* _Task material_:
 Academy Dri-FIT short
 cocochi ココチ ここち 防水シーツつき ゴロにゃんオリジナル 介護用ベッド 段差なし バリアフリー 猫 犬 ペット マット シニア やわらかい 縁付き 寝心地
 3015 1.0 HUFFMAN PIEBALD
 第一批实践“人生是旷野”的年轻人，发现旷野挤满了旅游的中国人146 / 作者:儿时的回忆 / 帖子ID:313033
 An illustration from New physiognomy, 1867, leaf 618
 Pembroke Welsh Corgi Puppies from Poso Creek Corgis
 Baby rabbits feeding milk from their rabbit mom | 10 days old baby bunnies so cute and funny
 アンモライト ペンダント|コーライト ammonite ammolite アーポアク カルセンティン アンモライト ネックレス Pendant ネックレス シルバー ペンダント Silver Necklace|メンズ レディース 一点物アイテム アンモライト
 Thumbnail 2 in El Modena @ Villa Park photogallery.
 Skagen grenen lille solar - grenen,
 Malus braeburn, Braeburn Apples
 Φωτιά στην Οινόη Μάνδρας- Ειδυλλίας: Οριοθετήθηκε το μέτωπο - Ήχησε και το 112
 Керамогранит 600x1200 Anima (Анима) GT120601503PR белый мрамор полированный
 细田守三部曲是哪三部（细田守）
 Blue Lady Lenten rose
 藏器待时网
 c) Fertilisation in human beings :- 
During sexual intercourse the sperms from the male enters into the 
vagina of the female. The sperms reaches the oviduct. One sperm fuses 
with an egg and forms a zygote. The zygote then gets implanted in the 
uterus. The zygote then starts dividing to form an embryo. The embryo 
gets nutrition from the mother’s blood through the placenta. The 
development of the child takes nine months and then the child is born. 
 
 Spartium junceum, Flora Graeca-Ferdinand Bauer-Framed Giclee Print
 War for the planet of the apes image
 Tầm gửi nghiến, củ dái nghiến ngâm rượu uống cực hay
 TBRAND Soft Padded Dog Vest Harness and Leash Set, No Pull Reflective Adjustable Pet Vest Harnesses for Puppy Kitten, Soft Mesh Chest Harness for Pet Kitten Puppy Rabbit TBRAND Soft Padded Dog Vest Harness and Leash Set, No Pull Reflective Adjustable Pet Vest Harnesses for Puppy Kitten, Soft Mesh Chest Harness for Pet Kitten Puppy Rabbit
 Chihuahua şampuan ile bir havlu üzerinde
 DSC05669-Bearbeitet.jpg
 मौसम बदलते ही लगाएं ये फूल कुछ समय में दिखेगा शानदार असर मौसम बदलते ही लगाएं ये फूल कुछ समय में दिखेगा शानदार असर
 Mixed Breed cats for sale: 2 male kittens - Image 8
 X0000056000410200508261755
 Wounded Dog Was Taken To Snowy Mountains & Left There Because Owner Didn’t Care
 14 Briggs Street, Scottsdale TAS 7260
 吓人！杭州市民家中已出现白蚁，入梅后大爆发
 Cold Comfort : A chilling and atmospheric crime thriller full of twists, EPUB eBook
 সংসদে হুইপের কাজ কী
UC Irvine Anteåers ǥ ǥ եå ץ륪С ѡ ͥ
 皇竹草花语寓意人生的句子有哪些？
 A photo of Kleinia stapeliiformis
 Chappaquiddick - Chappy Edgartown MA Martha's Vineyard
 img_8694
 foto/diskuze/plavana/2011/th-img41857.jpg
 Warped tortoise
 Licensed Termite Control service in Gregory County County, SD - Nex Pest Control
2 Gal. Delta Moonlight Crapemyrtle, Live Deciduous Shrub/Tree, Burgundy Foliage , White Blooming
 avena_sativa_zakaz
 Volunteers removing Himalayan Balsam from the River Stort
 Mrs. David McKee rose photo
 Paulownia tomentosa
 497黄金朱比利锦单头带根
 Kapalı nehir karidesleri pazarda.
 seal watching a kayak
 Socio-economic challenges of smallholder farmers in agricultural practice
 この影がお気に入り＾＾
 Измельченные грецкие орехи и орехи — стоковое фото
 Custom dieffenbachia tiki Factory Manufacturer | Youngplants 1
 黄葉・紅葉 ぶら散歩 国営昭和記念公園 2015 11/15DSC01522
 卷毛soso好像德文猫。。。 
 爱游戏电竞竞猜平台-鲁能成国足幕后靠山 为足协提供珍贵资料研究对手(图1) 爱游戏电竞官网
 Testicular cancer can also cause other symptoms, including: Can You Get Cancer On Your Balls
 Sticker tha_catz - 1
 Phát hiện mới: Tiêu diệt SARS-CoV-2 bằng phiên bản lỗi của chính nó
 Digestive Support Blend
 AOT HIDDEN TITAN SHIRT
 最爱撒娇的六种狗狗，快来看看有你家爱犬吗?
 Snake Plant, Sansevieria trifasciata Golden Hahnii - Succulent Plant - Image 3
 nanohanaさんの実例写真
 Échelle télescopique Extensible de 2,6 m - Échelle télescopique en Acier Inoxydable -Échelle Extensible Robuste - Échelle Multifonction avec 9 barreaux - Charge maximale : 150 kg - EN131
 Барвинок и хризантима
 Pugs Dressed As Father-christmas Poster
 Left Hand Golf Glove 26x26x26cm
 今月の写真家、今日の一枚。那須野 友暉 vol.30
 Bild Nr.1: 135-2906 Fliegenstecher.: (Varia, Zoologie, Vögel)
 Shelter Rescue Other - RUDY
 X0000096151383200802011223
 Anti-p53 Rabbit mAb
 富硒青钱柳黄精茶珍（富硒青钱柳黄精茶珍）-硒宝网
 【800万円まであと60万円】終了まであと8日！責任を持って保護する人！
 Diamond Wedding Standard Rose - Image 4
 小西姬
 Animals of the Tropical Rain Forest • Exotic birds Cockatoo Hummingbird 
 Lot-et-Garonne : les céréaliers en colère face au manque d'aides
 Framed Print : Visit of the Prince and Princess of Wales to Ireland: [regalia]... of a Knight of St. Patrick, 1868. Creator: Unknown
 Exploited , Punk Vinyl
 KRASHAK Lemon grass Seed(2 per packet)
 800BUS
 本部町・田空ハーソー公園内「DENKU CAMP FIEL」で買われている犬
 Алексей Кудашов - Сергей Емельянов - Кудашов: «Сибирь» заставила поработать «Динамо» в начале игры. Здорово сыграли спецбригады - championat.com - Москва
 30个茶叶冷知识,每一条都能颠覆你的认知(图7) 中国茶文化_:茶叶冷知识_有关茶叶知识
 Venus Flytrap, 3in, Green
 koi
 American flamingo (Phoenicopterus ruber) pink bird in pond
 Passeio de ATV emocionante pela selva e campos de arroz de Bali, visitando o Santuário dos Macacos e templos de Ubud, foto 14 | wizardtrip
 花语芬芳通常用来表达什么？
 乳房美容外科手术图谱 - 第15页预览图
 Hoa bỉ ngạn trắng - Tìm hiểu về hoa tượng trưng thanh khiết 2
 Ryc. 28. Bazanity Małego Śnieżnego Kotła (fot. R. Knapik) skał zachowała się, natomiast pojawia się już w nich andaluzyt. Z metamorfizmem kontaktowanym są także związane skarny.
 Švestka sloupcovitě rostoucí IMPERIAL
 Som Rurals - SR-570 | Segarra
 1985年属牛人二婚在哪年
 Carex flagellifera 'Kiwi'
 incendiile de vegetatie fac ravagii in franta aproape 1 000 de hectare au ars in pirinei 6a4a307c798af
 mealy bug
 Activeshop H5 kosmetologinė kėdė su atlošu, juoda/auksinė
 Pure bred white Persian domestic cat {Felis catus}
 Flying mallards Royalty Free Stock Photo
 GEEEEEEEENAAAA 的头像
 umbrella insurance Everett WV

* _What to do_: Retype, in the same exact form, the lines of the material above from the line holding "शानदार असर मौसम" through the line holding "Барвинок и хризантима".

* _Problem solution_:
 मौसम बदलते ही लगाएं ये फूल कुछ समय में दिखेगा शानदार असर मौसम बदलते ही लगाएं ये फूल कुछ समय में दिखेगा शानदार असर
 Mixed Breed cats for sale: 2 male kittens - Image 8
 X0000056000410200508261755
 Wounded Dog Was Taken To Snowy Mountains & Left There Because Owner Didn’t Care
 14 Briggs Street, Scottsdale TAS 7260
 吓人！杭州市民家中已出现白蚁，入梅后大爆发
 Cold Comfort : A chilling and atmospheric crime thriller full of twists, EPUB eBook
 সংসদে হুইপের কাজ কী
UC Irvine Anteåers ǥ ǥ եå ץ륪С ѡ ͥ
 皇竹草花语寓意人生的句子有哪些？
 A photo of Kleinia stapeliiformis
 Chappaquiddick - Chappy Edgartown MA Martha's Vineyard
 img_8694
 foto/diskuze/plavana/2011/th-img41857.jpg
 Warped tortoise
 Licensed Termite Control service in Gregory County County, SD - Nex Pest Control
2 Gal. Delta Moonlight Crapemyrtle, Live Deciduous Shrub/Tree, Burgundy Foliage , White Blooming
 avena_sativa_zakaz
 Volunteers removing Himalayan Balsam from the River Stort
 Mrs. David McKee rose photo
 Paulownia tomentosa
 497黄金朱比利锦单头带根
 Kapalı nehir karidesleri pazarda.
 seal watching a kayak
 Socio-economic challenges of smallholder farmers in agricultural practice
 この影がお気に入り＾＾
 Измельченные грецкие орехи и орехи — стоковое фото
 Custom dieffenbachia tiki Factory Manufacturer | Youngplants 1
 黄葉・紅葉 ぶら散歩 国営昭和記念公園 2015 11/15DSC01522
 卷毛soso好像德文猫。。。 
 爱游戏电竞竞猜平台-鲁能成国足幕后靠山 为足协提供珍贵资料研究对手(图1) 爱游戏电竞官网
 Testicular cancer can also cause other symptoms, including: Can You Get Cancer On Your Balls
 Sticker tha_catz - 1
 Phát hiện mới: Tiêu diệt SARS-CoV-2 bằng phiên bản lỗi của chính nó
 Digestive Support Blend
 AOT HIDDEN TITAN SHIRT
 最爱撒娇的六种狗狗，快来看看有你家爱犬吗?
 Snake Plant, Sansevieria trifasciata Golden Hahnii - Succulent Plant - Image 3
 nanohanaさんの実例写真
 Échelle télescopique Extensible de 2,6 m - Échelle télescopique en Acier Inoxydable -Échelle Extensible Robuste - Échelle Multifonction avec 9 barreaux - Charge maximale : 150 kg - EN131
 Барвинок и хризантима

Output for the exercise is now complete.